* [What you have to do]: The material below holds pictures, which are to be left out; copy exactly the lines from the one with "Auxins are a" through the one with "If you want".

☆ ☆ ☆

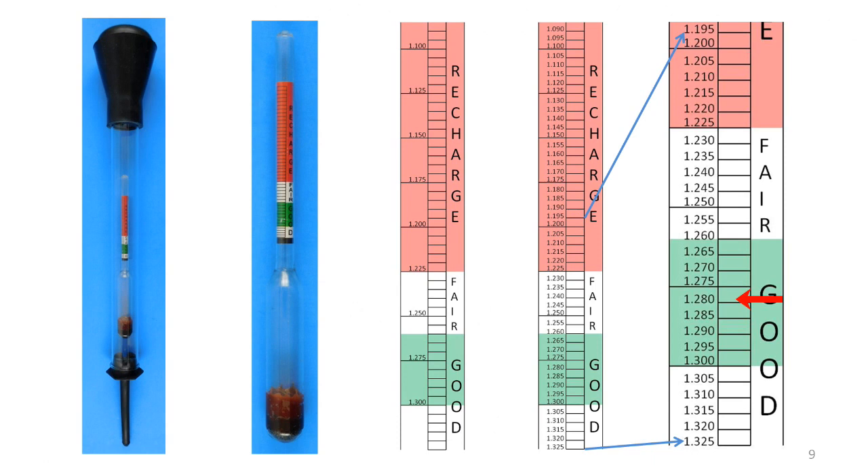Here's an enlargement of the bottom half of the paper gauge, included to ensure that the numbers are clearly legible. All three of the cells I checked in the video show a specific gravity of 1.280, as indicated by the red arrow. To be clear, there's no red arrow on the hydrometer gauge itself — it is only on the drawing shown here.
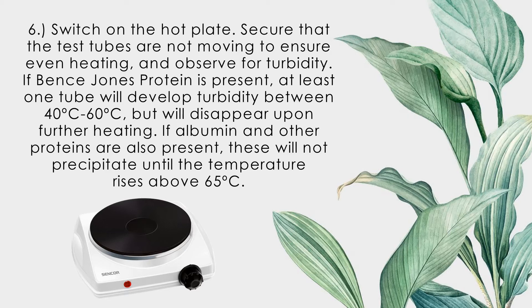If Bence-Jones protein is present, at least one tube will develop turbidity between 40°C and 60°C, but this will disappear upon further heating. If albumin and other proteins are also present, these will not precipitate until the temperature rises above 65°C.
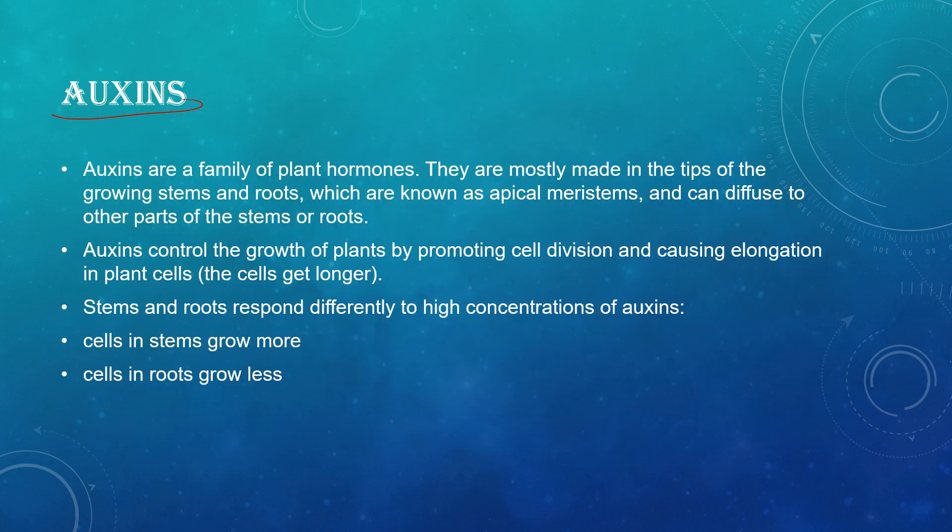Auxins are a family of plant hormones mostly made in the tips of growing stems and roots, known as apical meristems, and they diffuse to other parts. They help the plant grow by promoting cell division and cell elongation — cells get longer. Stems and roots respond differently to high concentrations of auxins: cells in stems grow more, while cells in roots grow less. So root cells are inversely proportional to auxin concentration, while stem cells are directly proportional.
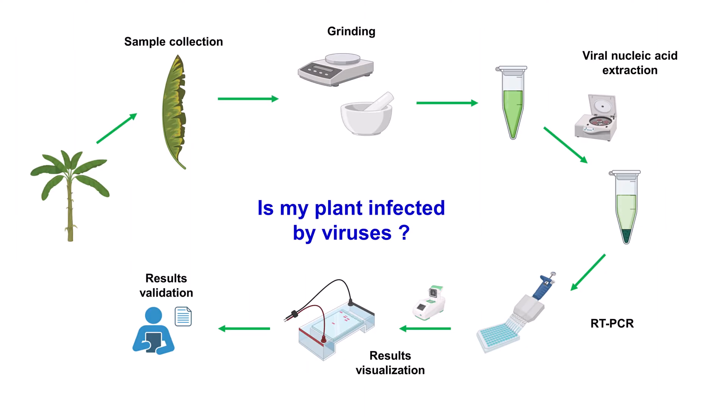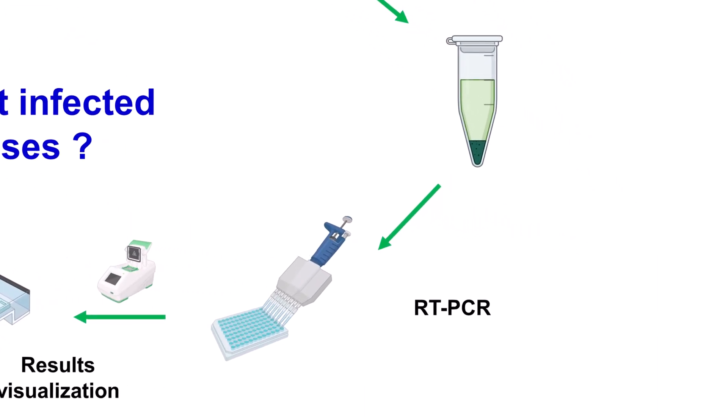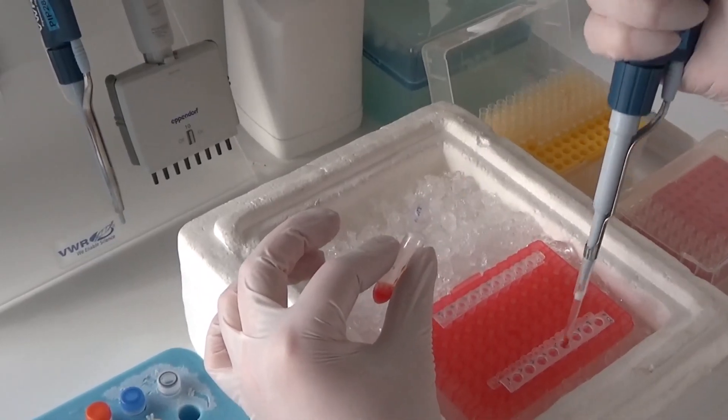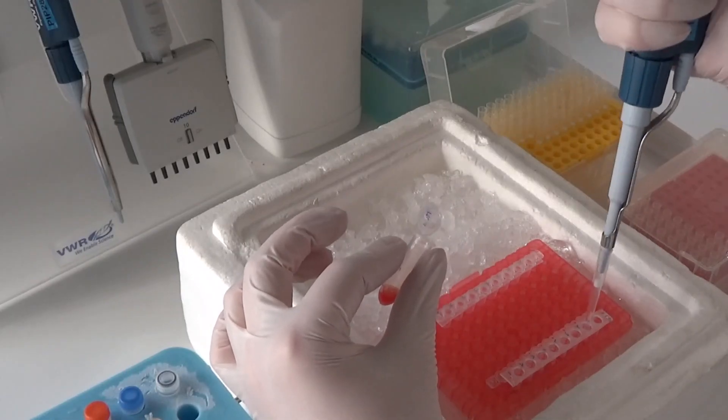The RNA extracted will then be used for RT-PCR tests in order to detect the viruses of interest. Under the dedicated hood previously treated with UV for disinfection and DNA elimination, cDNA will be synthesized and then amplified with specific primers for each virus targeted in simple or multiplex reactions.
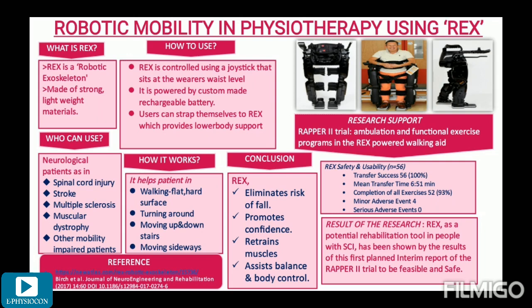Remarkably, this device helps patients who could not even stand up to get onto their feet, walk, turn around, move sideways, and climb up and down stairs. People can even walk on flat and hard surfaces such as slopes and ramps, and indulge themselves in exercises.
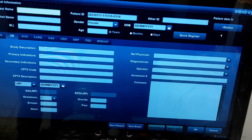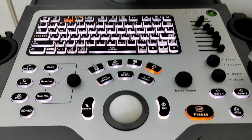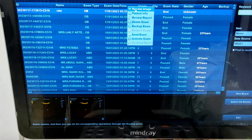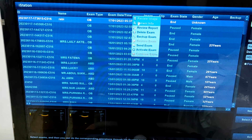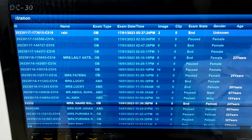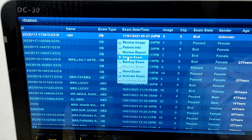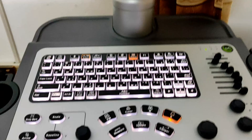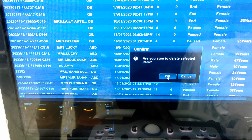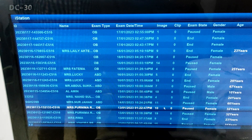If you want to see previous patient information, click on the iStation icon. This will show the information and images available for previously examined patients. Select a patient record and click delete, then press your save button — this will delete the previously saved information. Click OK. In this way you can delete previously saved information, which will help you to free up storage.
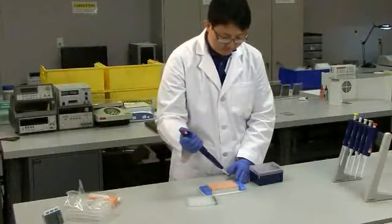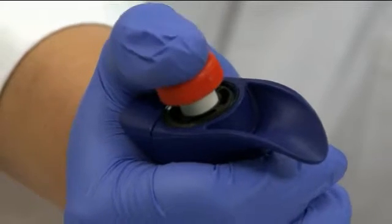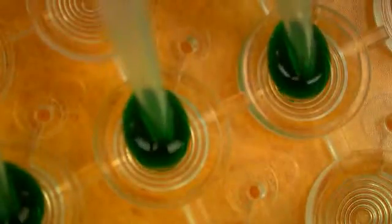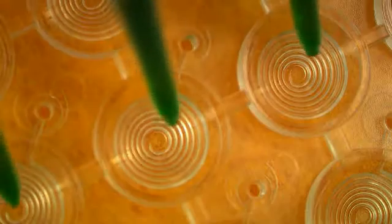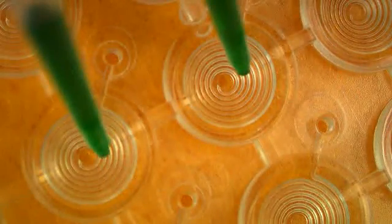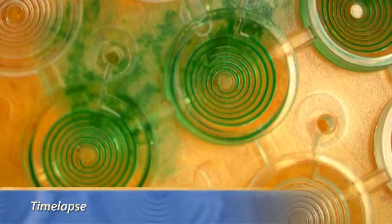Now let's see what happens if you don't follow this simple recommendation. A common pipetting mistake is to dispense beyond the first stop and push all the liquid out. When you do this, you inject air behind the liquids, and this generates air bubbles in the wells, which impedes reagent flow and can cause assay failure. Following this simple pipetting guideline and using samples and reagents free of particles will ensure consistent results from the Optimizer microplate.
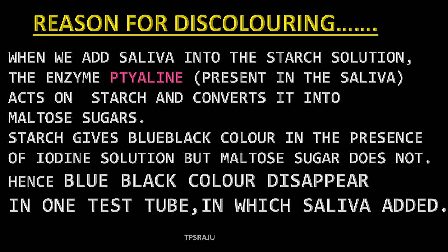What is the reason for the discoloration in that test tube? When we add saliva into the starch solution, the enzyme ptyalin acts on starch and converts it into maltose sugar. Starch gives a blue-black color in the presence of iodine solution, but maltose sugar does not. Hence, the blue-black color disappears in the test tube in which saliva is added.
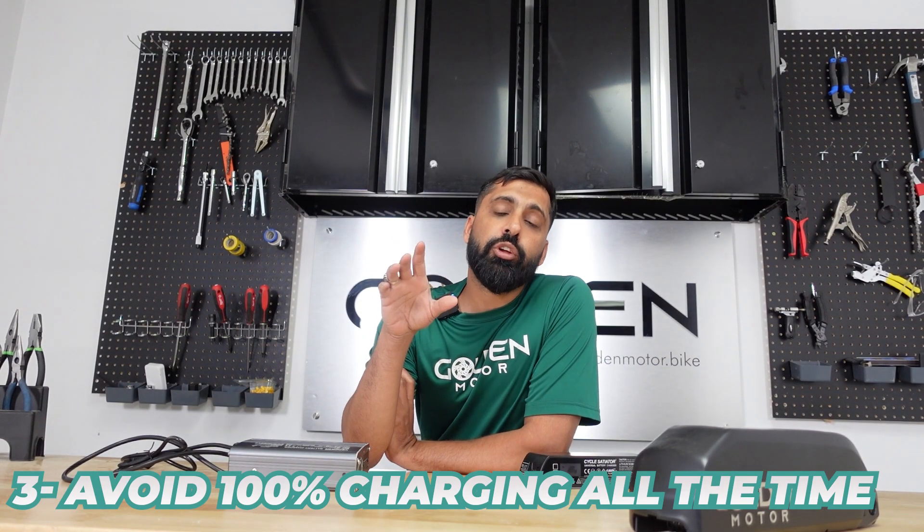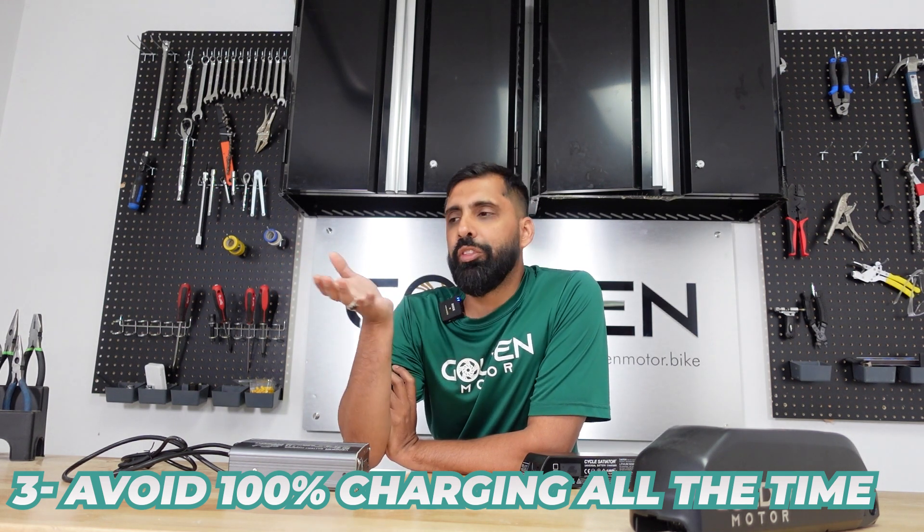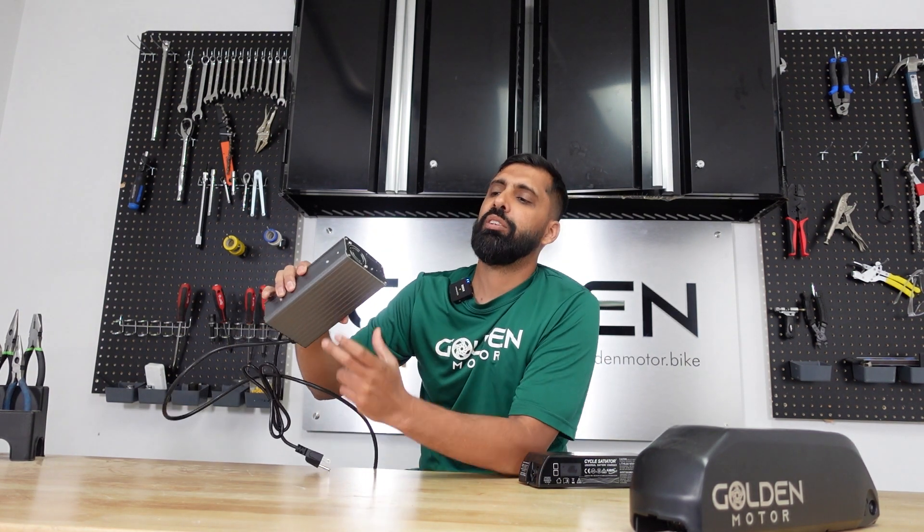Tip number three: avoid charging your battery to 100% all the time. When most people are ready to ride, they plug in the battery, wait for the green light, and take it out at 100%. It's not a big deal occasionally, but if you charge to 100% all the time, it will stress the cells and decrease the total charge cycles, reducing the overall lifespan of your battery. Most of us won't use 100% of our charge on a given ride — 80% or 90% is often enough. If you're concerned about extending battery lifespan, a variable charger is a nice investment.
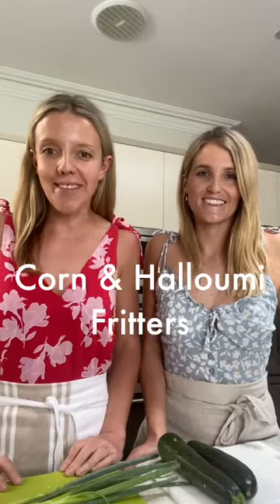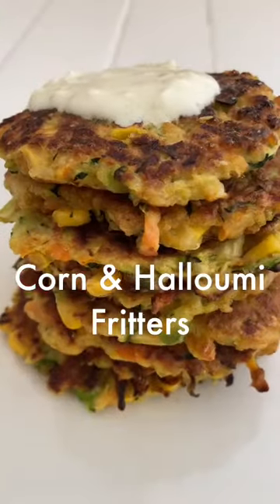Today we are going to show you how to make some delicious corn fritters. To make these corn fritters a little higher in protein, we're going to be adding some halloumi, and we're also going to serve them with a delicious yogurt and garlic dip.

☆ ☆ ☆

* [Response for this exercise]:
Auxins are a family of plant hormones mostly made in the tips of growing stems and roots, known as apical meristems, and they diffuse to other parts. They help the plant grow by promoting cell division and cell elongation — cells get longer. Stems and roots respond differently to high concentrations of auxins: cells in stems grow more, while cells in roots grow less. So root cells are inversely proportional to auxin concentration, while stem cells are directly proportional.
The RNA extracted will then be used for RT-PCR tests in order to detect the viruses of interest. Under the dedicated hood previously treated with UV for disinfection and DNA elimination, cDNA will be synthesized and then amplified with specific primers for each virus targeted in simple or multiplex reactions.
Remarkably, this device helps patients who could not even stand up to get onto their feet, walk, turn around, move sideways, and climb up and down stairs. People can even walk on flat and hard surfaces such as slopes and ramps, and indulge themselves in exercises.
If you want to see previous patient information, click on the iStation icon. This will show the information and images available for previously examined patients. Select a patient record and click delete, then press your save button — this will delete the previously saved information. Click OK. In this way you can delete previously saved information, which will help you to free up storage.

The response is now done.